Now my travel food comes out for Tuesdays when we're not home for supper. I make a usual supper that can stand room temperatures and pack it in our sealable glass containers. Tonight it's spinach and lentils with crispy onions and beets cooked with anise seed. (Never tried beets with anise before but surely Deborah Madison wouldn't lead me astray.)

Christian @ Modobject at Home said...

Your choices are so simple and easy, yet elegant!

Egg salad is a good staple to take in the cooler and keep in the frig (if you have access to one). It can work for breakfast or lunch.

Sew Blessed Maw said...

Such a wonderful idea!!

Nicole said...

Great post! As a large family we've always packed travel food; it's just to expensive and unhealthy to eat out all the time. Plus when you are travelling far, it's faster:) I make tortilla roll ups with a variety of fillings (beans, cheese etc.) Lots of cut up fruits and vege's; a hunk of rustic bread and old cheddar is nice too. Sometimes I make mini pies stuffed with vegetables, cheese and apples and other things. The kids always love these since they get there own little pie.

Margo said...

Nicole, I'd love to know your method or recipe for the little pies.

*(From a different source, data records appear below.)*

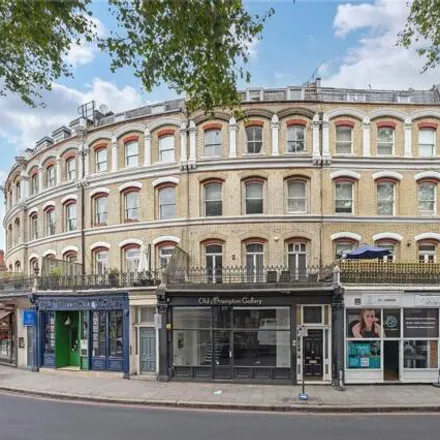 Buy this studio apartment on 240 Earl's Court Road in London, SW5 9FE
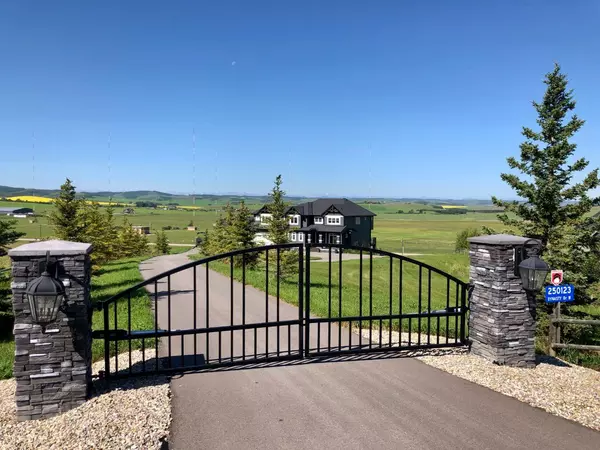 Rural Foothills County, AB T1S4Y4,250123 Dynasty DR W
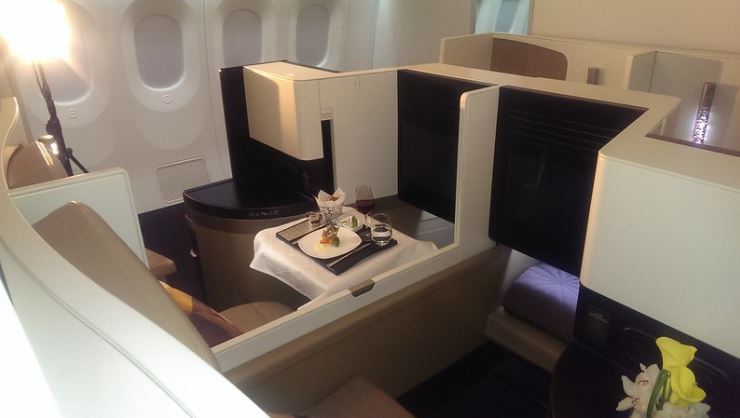 Ilustrasi tempat duduk kelas bisnis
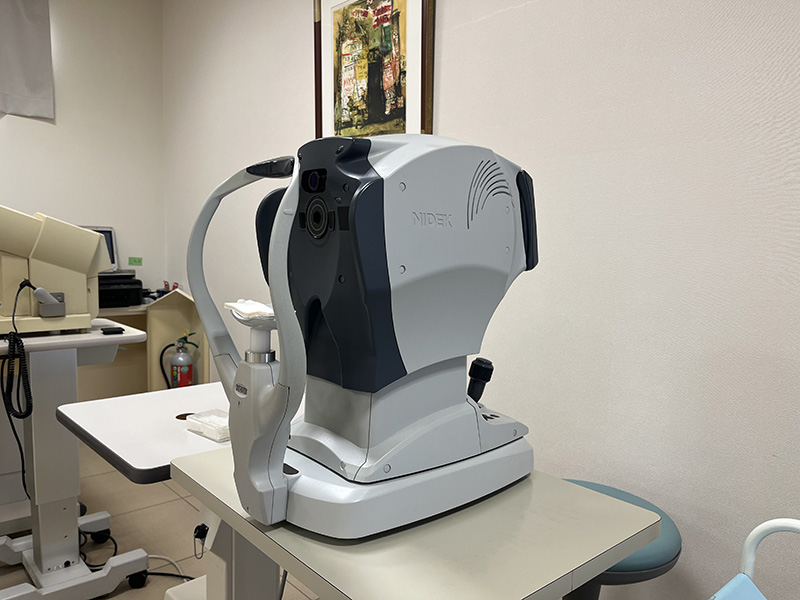 眼圧検査:TONOREFⅢ(NIDEK)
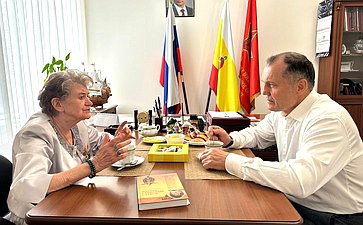 Игорь Мурог поздравил с юбилеем Людмилу Серебрякову – ветерана труда, писателя и дочь Героя Советского Союза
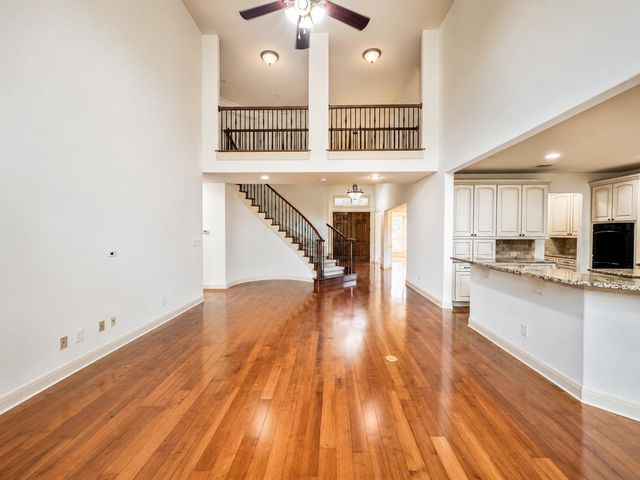 206 Varco DR, Austin, TX 78738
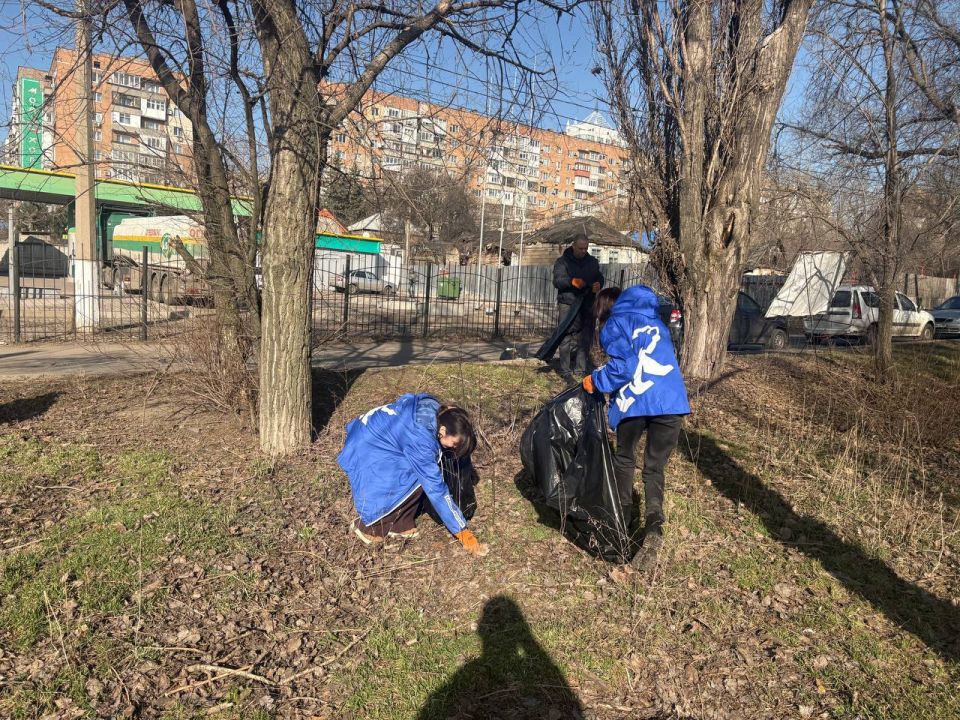 Сегодня в рамках партийного проекта Единой России «Городская среда» в Ворошиловском районе прошла экологическая акция «Чистый четверг» Сегодня в рамках партийного проекта Единой России «Городская среда» в Ворошиловском районе прошла экологическая акция «Чистый четверг»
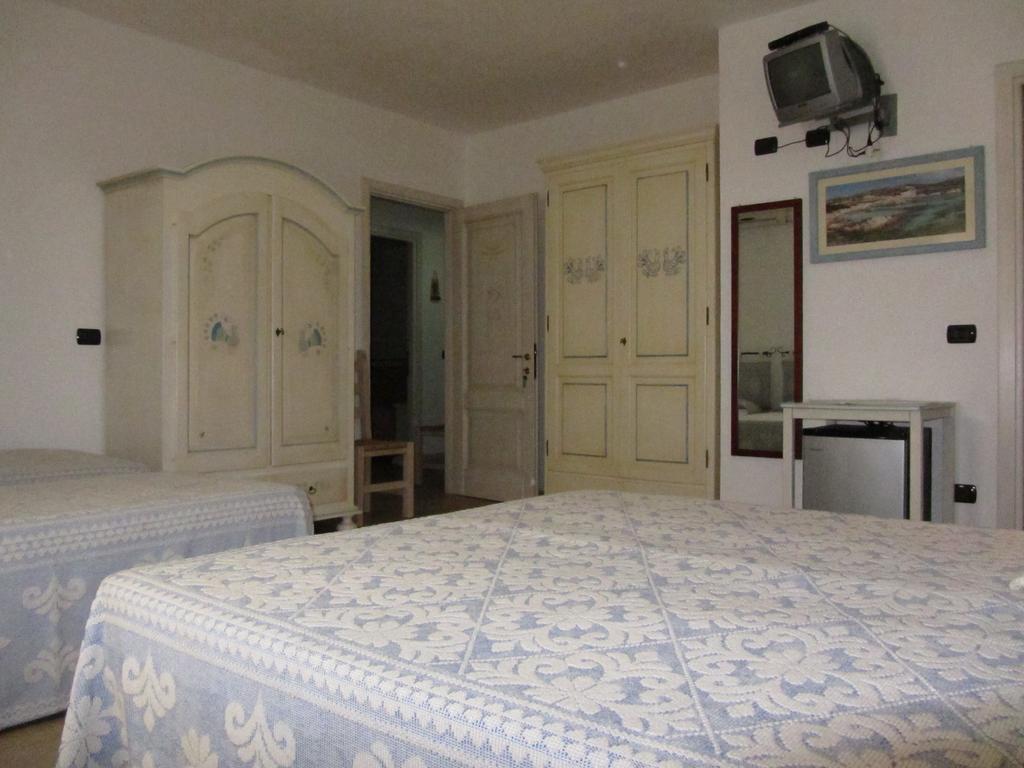 Bed & Breakfast Mare Isole Ла-Маддалена Экстерьер фото
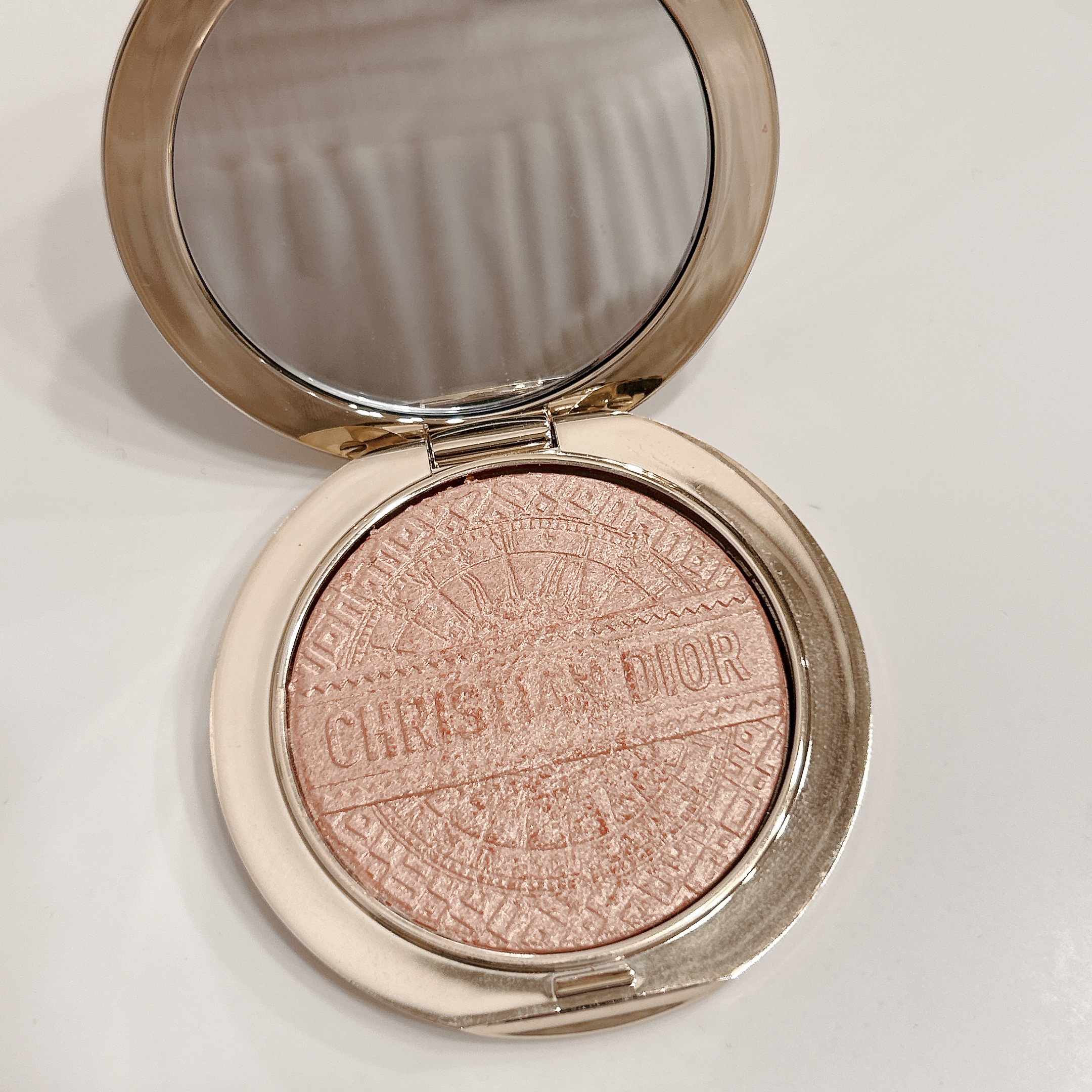 ディオールスキン フォーエヴァー クチュール ルミナイザー/Dior/プレストパウダーを使ったクチコミ（1枚目）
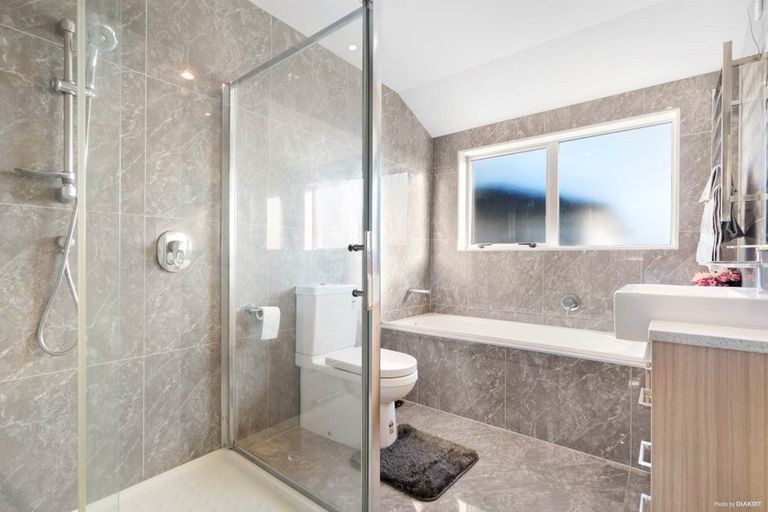 Photo of property in 6 Dromoland Drive, Flat Bush, Auckland, 2019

That is a great idea.

Nicole said...

Margo here's a link to a post I wrote on travel food last August.
It mentions how I make the mini pies, thought I now make them with a whole wheat pastry recipe. Any pastry will work but I find the flakier the crust the more messy they are to eat!

Practical Parsimony said...

When my three were small, there was no way we could get dressed and to breakfast before we were all famished. I carried plast "party cups" and spoons for breakfast; boiled eggs, peanut butter and graham crackers; apples and knife, bananas, and raisins. We at breakfast In room, lunch when sightseeing, and dinner at a restaurant.

I bought a gallon of milk when we arrived, put a clean garbage bag in the wastebasket and let my son get ice and carry it back and forth from the machine to the room. By putting blankets, newspaper in the room, and luggage against and on top, the milk lasted us over two days and stayed frosty cold. We added more ice. Boiled eggs stayed cold with the milk.

Refrigerators in the room were not common forty years ago.

If we went to a street festival, we would buy food. We tried not to squelch all the fun and not break the bank. AND, restaurant eating is not fun with three kids who are feeling cranky because of not so healthy food.

For vegetables, the kids at carrots and celery. At restaurant dinners at night, we highly encouraged some salad eating.